* _Task directions_:
Omit the pictures, then reproduce exactly the line bearing "Original Artwork, Oil" and every line after it up to and including the last line of the entries below.

Scraped caption text data
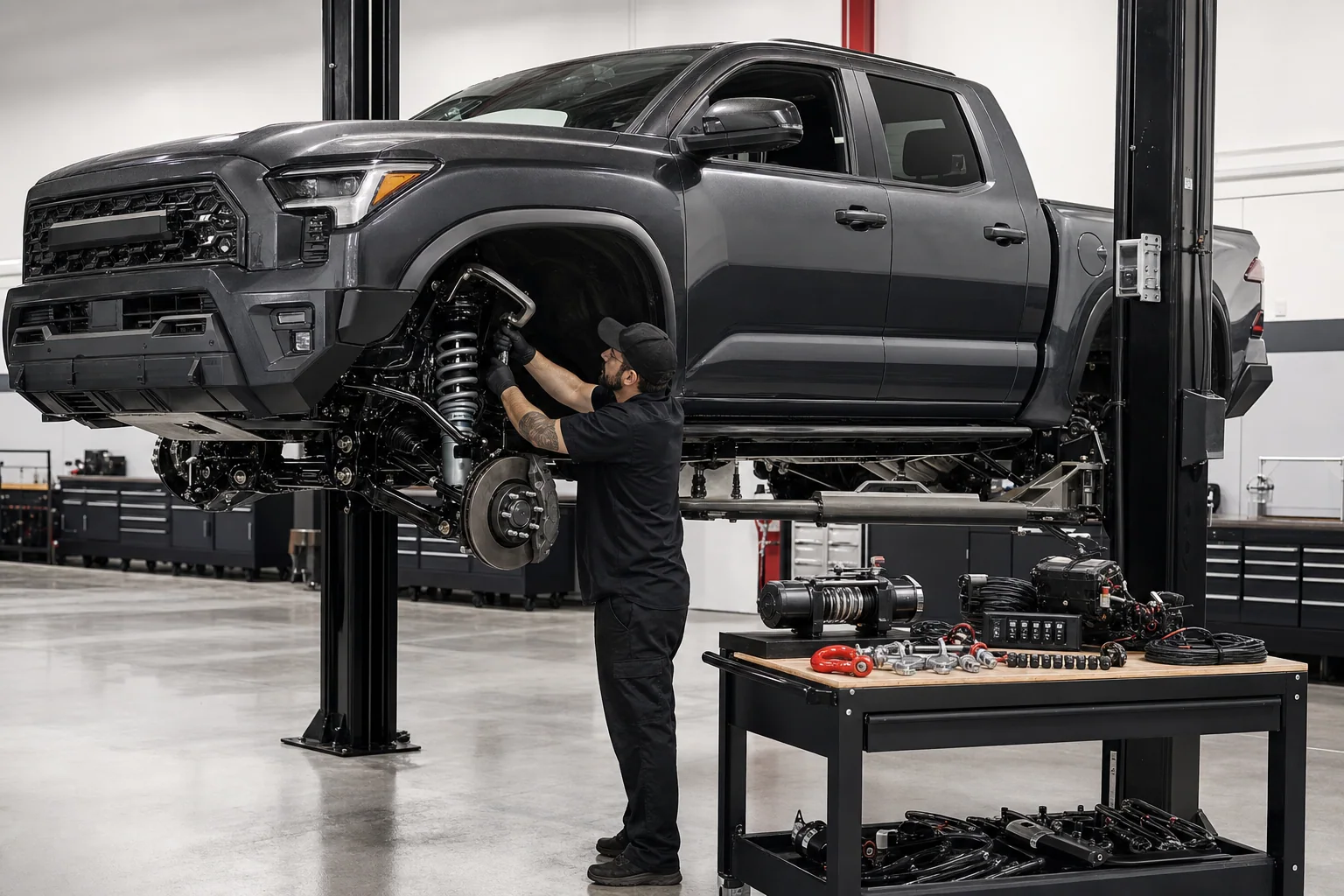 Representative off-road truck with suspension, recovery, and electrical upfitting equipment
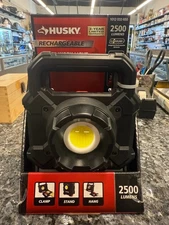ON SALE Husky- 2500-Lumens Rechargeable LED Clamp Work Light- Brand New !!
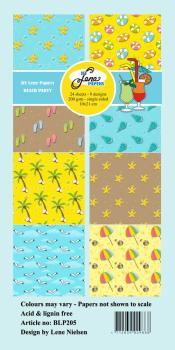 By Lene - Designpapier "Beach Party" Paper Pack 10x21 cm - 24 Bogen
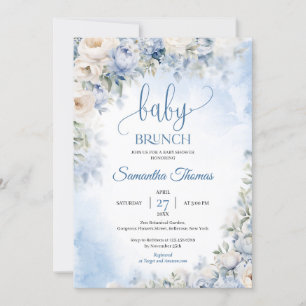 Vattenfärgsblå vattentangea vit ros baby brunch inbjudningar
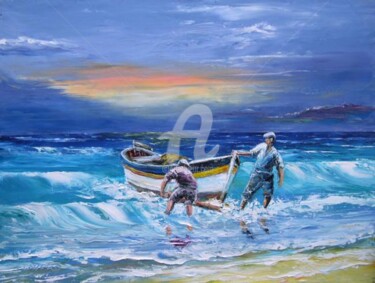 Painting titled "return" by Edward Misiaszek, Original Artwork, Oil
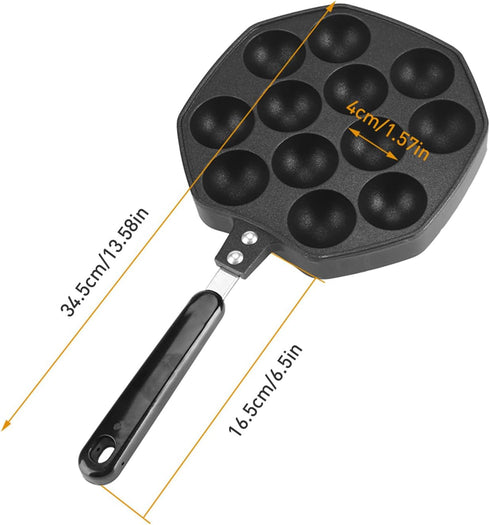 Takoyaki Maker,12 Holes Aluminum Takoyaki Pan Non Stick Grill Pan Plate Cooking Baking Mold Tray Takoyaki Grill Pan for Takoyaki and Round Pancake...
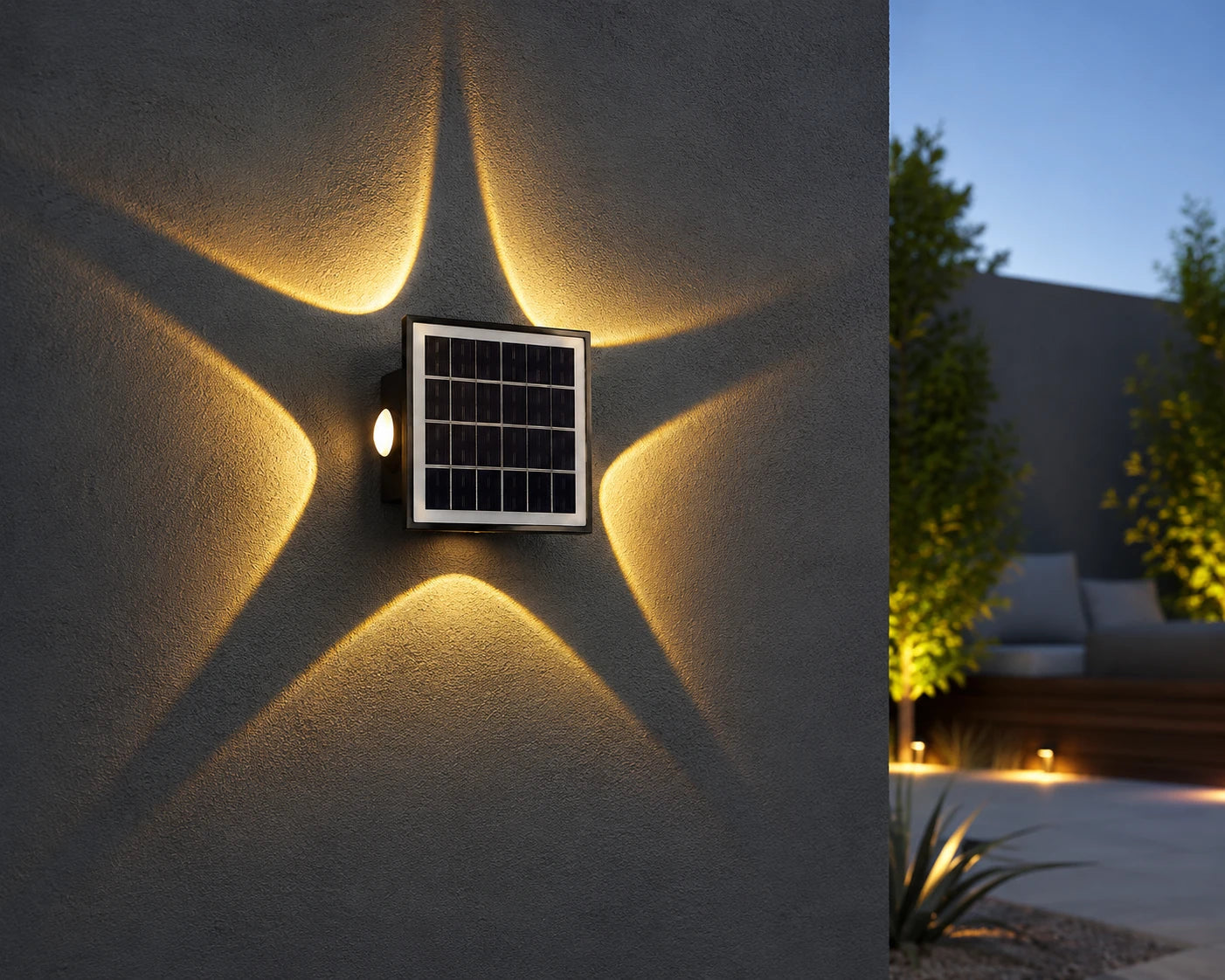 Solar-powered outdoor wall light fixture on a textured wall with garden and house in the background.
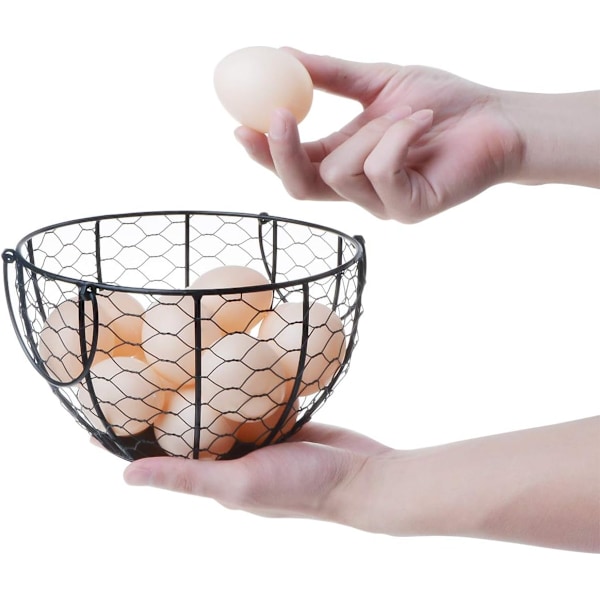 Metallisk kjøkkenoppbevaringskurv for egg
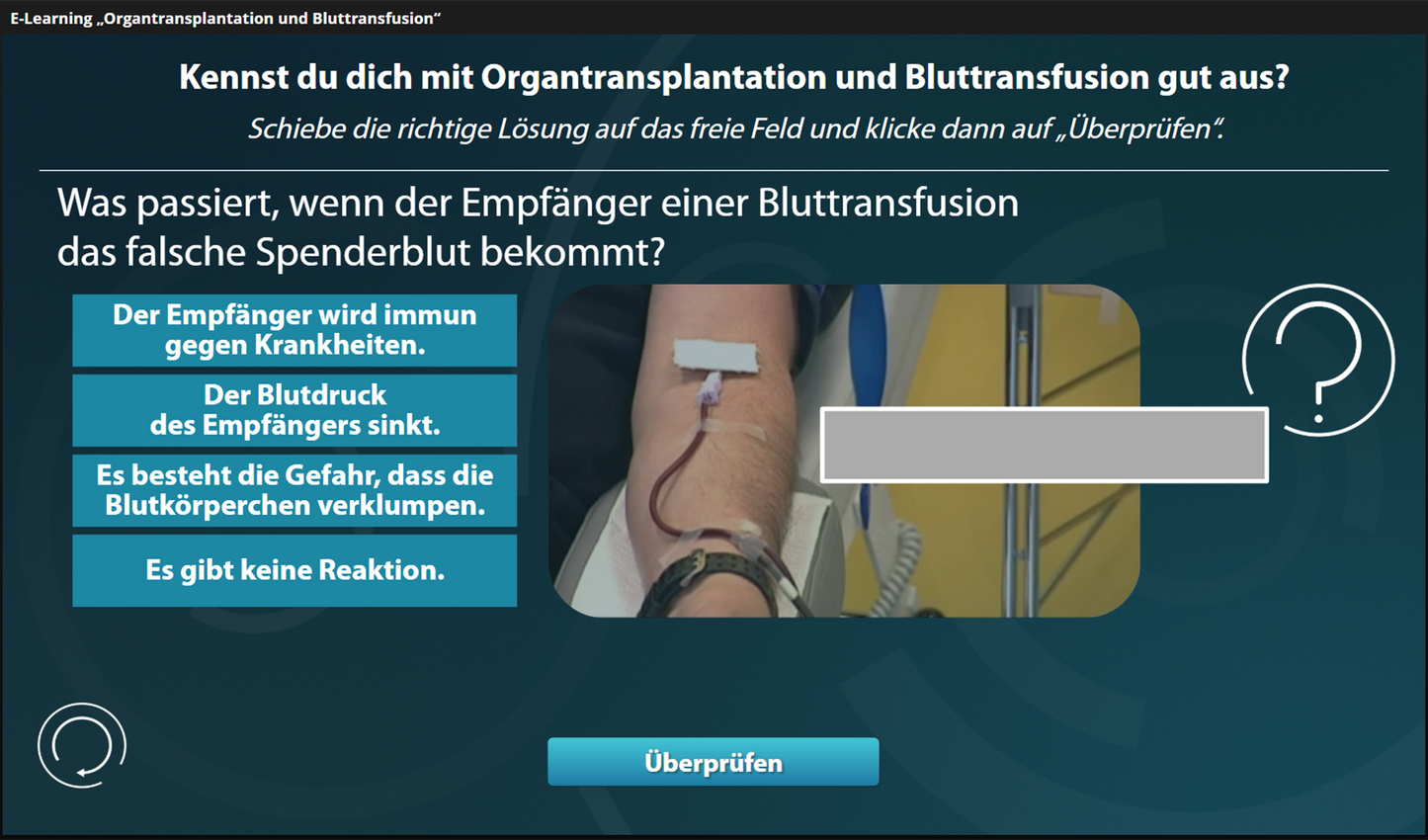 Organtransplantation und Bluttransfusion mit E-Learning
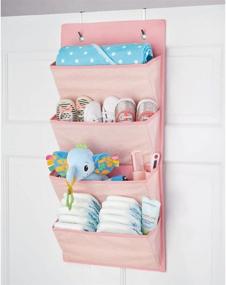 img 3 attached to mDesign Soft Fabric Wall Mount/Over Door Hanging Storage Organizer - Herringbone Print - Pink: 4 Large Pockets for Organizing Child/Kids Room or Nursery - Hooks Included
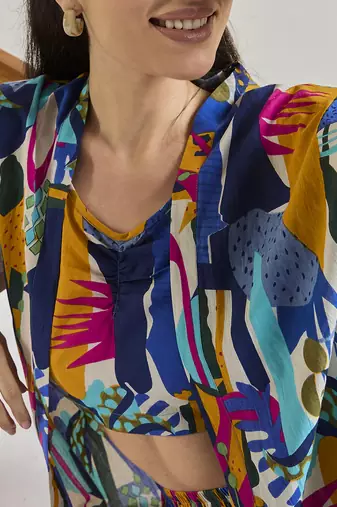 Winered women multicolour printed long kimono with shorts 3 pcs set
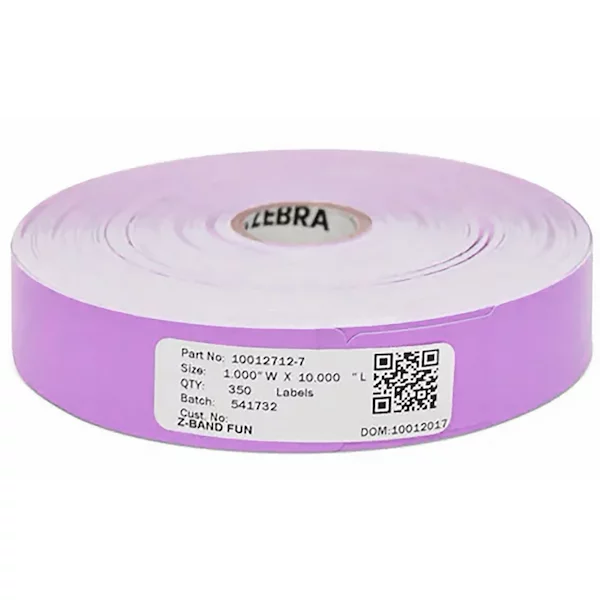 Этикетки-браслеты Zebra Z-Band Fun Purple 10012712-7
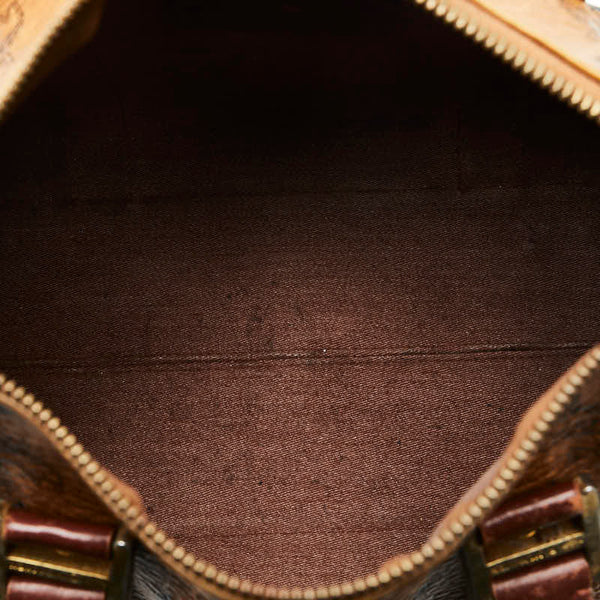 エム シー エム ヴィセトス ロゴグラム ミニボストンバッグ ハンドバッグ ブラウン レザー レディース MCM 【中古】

* _Result_:
 Painting titled "return" by Edward Misiaszek, Original Artwork, Oil
 Takoyaki Maker,12 Holes Aluminum Takoyaki Pan Non Stick Grill Pan Plate Cooking Baking Mold Tray Takoyaki Grill Pan for Takoyaki and Round Pancake...
 Solar-powered outdoor wall light fixture on a textured wall with garden and house in the background.
 Metallisk kjøkkenoppbevaringskurv for egg
 Organtransplantation und Bluttransfusion mit E-Learning
 img 3 attached to mDesign Soft Fabric Wall Mount/Over Door Hanging Storage Organizer - Herringbone Print - Pink: 4 Large Pockets for Organizing Child/Kids Room or Nursery - Hooks Included
 Winered women multicolour printed long kimono with shorts 3 pcs set
 Этикетки-браслеты Zebra Z-Band Fun Purple 10012712-7
 エム シー エム ヴィセトス ロゴグラム ミニボストンバッグ ハンドバッグ ブラウン レザー レディース MCM 【中古】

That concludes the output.